Shockingly, it wasn’t after Twitter received numerous complaints from teenage girls that he’s been sliding into their DMs. It was due to one of the insulting and offensive things James Woods has spat out on Twitter over the years. Sorry James, looks like if you want to pop off in front of an embarrassed audience, you’re limited to whatever you can hiss in the four minutes it takes for your latte to be made.
According to The Hollywood Reporter, Twitter recently found that a tweet James made in July had violated their rules, and so they’ve locked him out of his account. The tweet in question reportedly involved a voting meme that appeared to come from a Democratic source, showing three men claiming they were going to skip the US midterm elections on November 6th so that women’s votes would count for more.
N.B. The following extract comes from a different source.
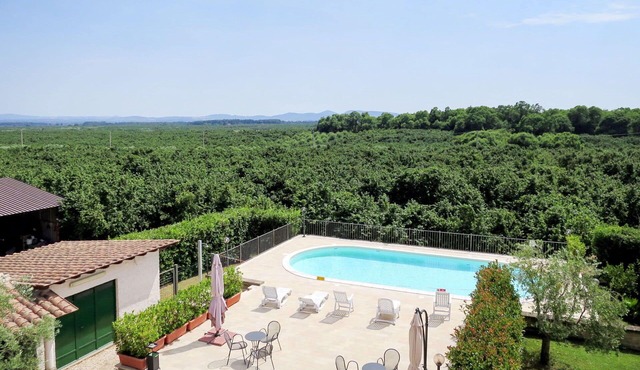 Beautiful apartment in villa for 7 people with WIFI, pool, TV, terrace, pets allowed and parking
It obviously wasn’t real, but still, James – a hardcore conservative – tweeted:
“Pretty scary that there is a distinct possibility this could be real. Not likely, but in this day and age of absolute liberal insanity, it is at least possible…”
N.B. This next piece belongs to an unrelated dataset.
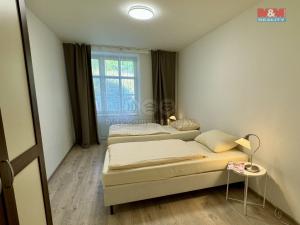 Prodej bytu 3+kk, Karlovy Vary, nábřeží Jana Palacha, 91 m2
Twitter decided that James’ tweet had “the potential to be misleading in a way that could impact the election.” They locked him out of his account unless he agreed to delete the tweet. Yesterday, James told the Associated Press that he had no intention of deleting the tweet. However, when you search for the tweet, Twitter pulls an “I don’t know her.” Which means there’s a chance he might have deleted it. James Woods folding like a cheap umbrella? I never would have guessed. Although James hasn’t tweeted since September 20th, so who knows what’s up.
This news probably isn’t too surprising for anyone who has been following James’ career as a proud Twitter asshole. Back in July, he announced that his agent Ken Kaplan had dropped him as a client on Independence Day. Ken didn’t say why he was quitting James, but it most likely had to do with all the headaches Ken (a “political liberal”) got watching James on Twitter.
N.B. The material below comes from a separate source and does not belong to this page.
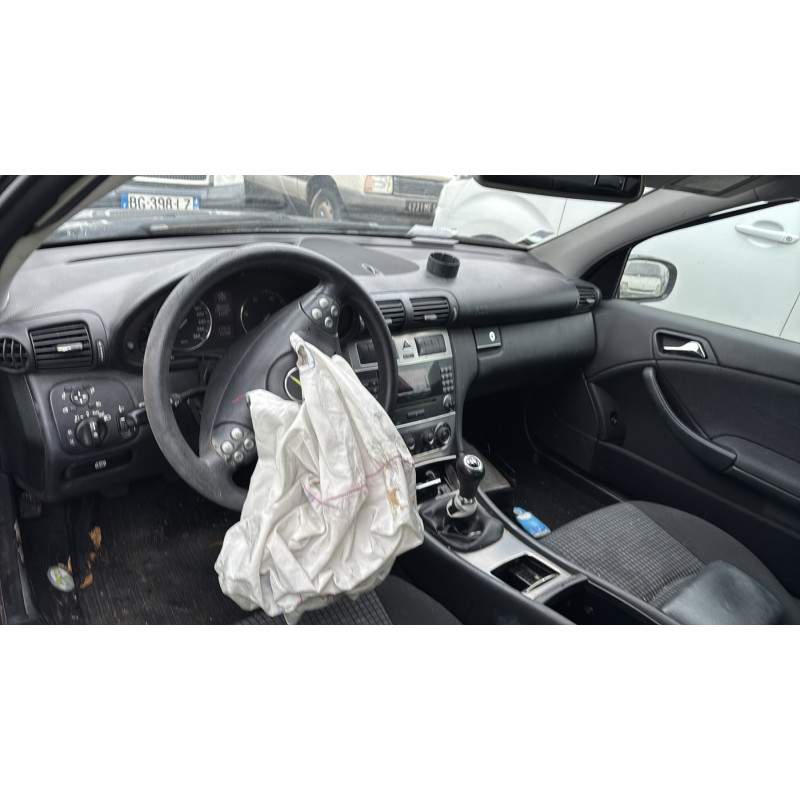 Pretensionneur de ceinture avant droit MERCEDES CLASSE C 203 COUPE SPORT Photo n°14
THR says that James received an email from Twitter informing him of what had happened. I like to think James got that email after he tried logging in unsuccessfully dozens of times. “What the hell? Did I recently change my password? Let’s try MelaniaIsABabe…nope. Ok, what about TriggeredSnowflakes. Not that. Maybe it has something to do with some recent film work? Naw, definitely not – I haven’t had any of that.”